> _What the exercise asks_
Give back the listing in full and exactly, leaving out the images.

> _Data segment_
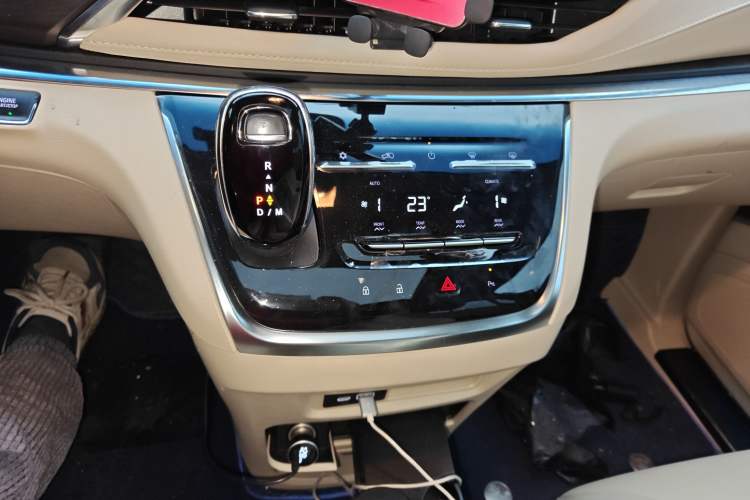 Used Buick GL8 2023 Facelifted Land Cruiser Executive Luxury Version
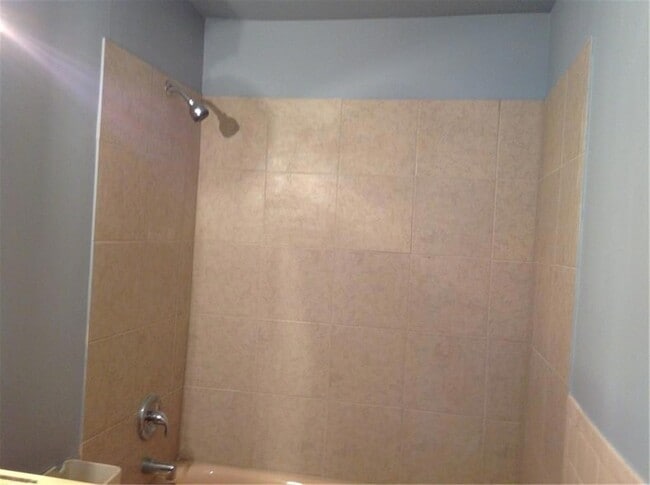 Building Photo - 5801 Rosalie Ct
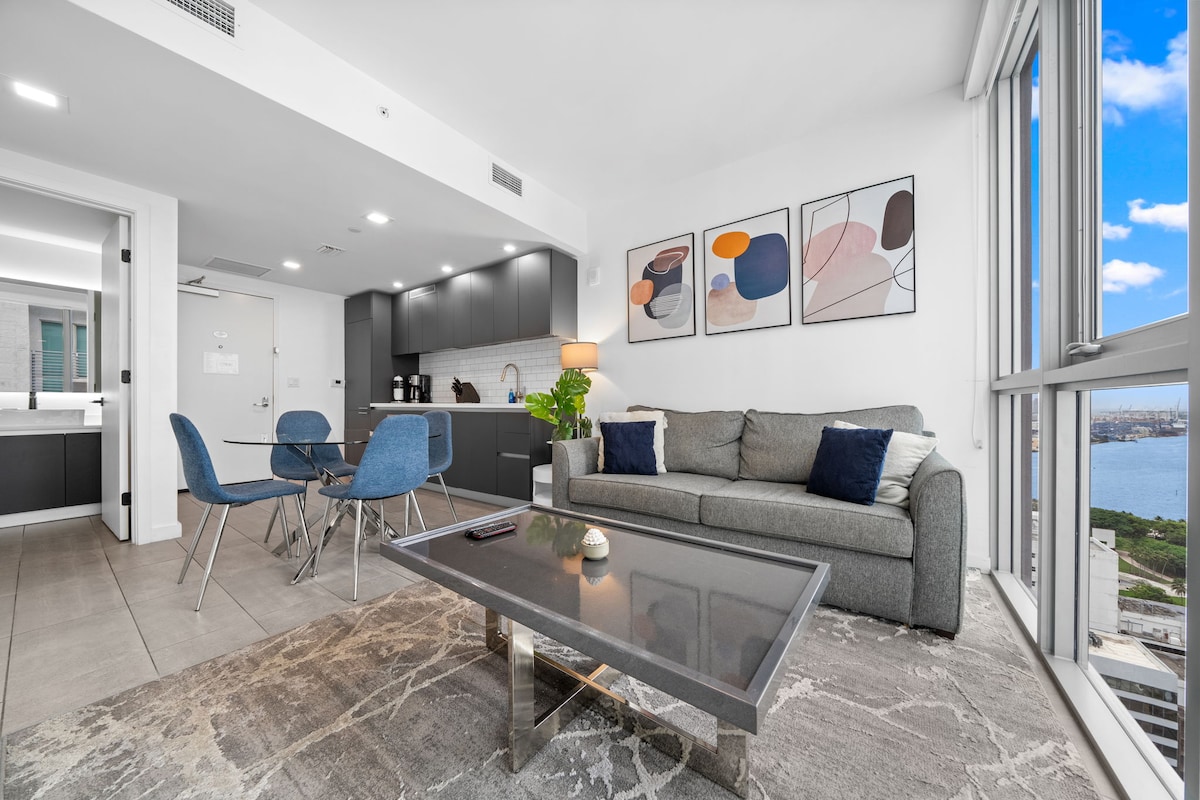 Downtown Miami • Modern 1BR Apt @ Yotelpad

> _Answer for this exercise_
 Used Buick GL8 2023 Facelifted Land Cruiser Executive Luxury Version
 Building Photo - 5801 Rosalie Ct
 Downtown Miami • Modern 1BR Apt @ Yotelpad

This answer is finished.